**Activity**
Repeat the lines from the line with "3D Yapılandırılmış Fantezi" to the line with "Niebieski pokój z" in the listing below, keeping both end lines and adding nothing.

**Task inputs**
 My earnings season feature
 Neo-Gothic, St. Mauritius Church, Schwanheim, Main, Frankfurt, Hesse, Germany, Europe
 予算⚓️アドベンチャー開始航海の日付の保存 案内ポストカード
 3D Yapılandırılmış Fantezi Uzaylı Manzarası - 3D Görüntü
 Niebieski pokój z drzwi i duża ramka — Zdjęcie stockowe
...
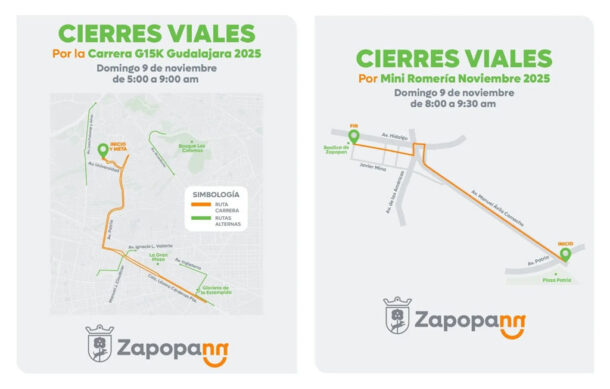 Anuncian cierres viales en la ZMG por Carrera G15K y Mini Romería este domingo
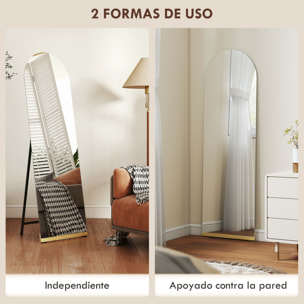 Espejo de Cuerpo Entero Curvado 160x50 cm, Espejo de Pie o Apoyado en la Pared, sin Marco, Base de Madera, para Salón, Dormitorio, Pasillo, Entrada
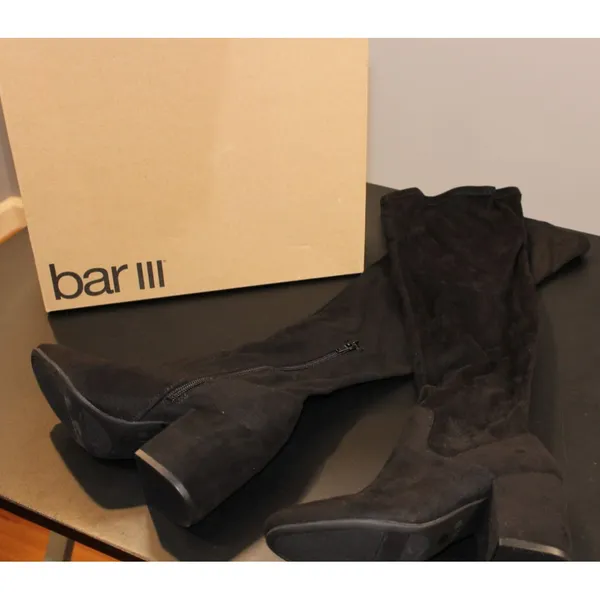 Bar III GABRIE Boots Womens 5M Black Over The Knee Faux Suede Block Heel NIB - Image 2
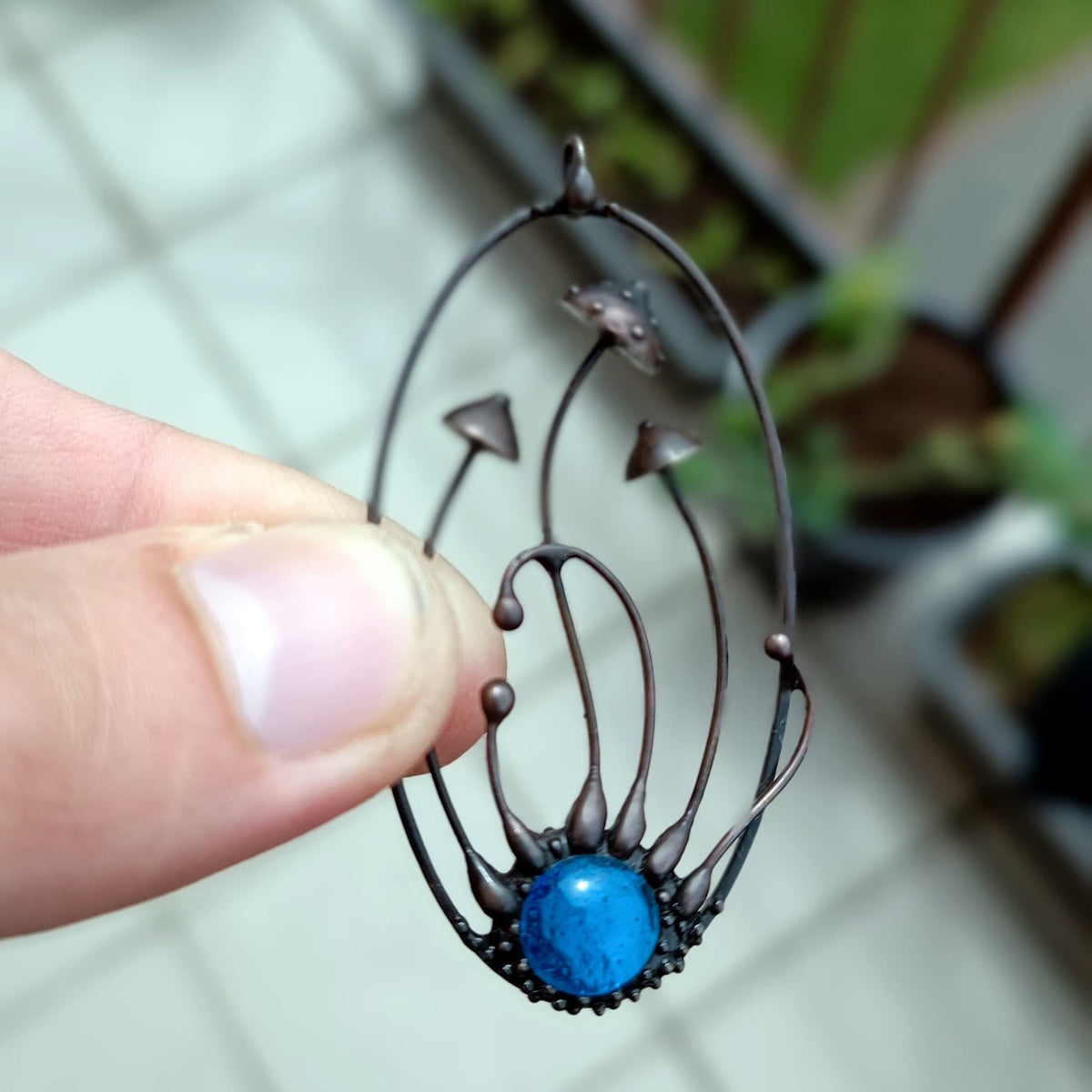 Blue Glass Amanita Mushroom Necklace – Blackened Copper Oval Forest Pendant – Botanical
--
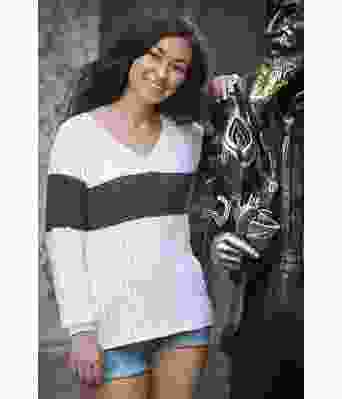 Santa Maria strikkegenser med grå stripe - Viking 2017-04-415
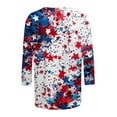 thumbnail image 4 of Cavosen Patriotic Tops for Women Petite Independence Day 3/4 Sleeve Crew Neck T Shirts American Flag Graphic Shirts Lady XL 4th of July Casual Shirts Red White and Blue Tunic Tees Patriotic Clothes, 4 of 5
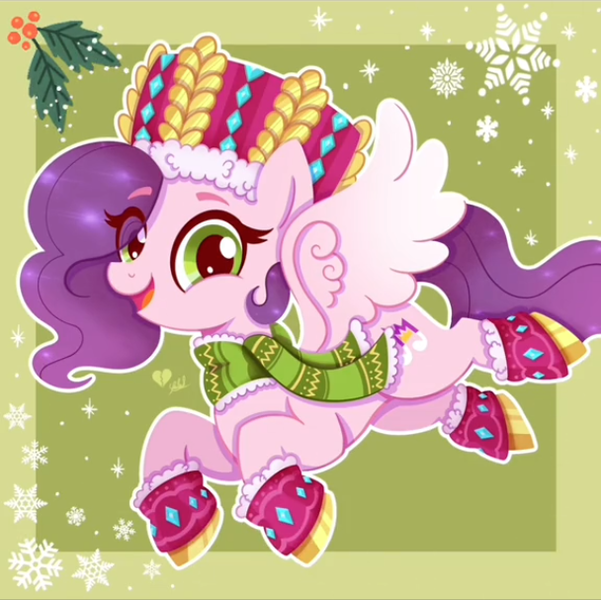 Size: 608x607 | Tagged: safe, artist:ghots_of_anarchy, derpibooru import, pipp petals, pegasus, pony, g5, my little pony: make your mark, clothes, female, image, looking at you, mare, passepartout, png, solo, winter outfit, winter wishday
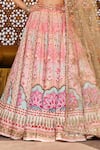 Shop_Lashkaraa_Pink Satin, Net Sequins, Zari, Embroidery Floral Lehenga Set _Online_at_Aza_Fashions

**Solved problem**
 3D Yapılandırılmış Fantezi Uzaylı Manzarası - 3D Görüntü
 Niebieski pokój z drzwi i duża ramka — Zdjęcie stockowe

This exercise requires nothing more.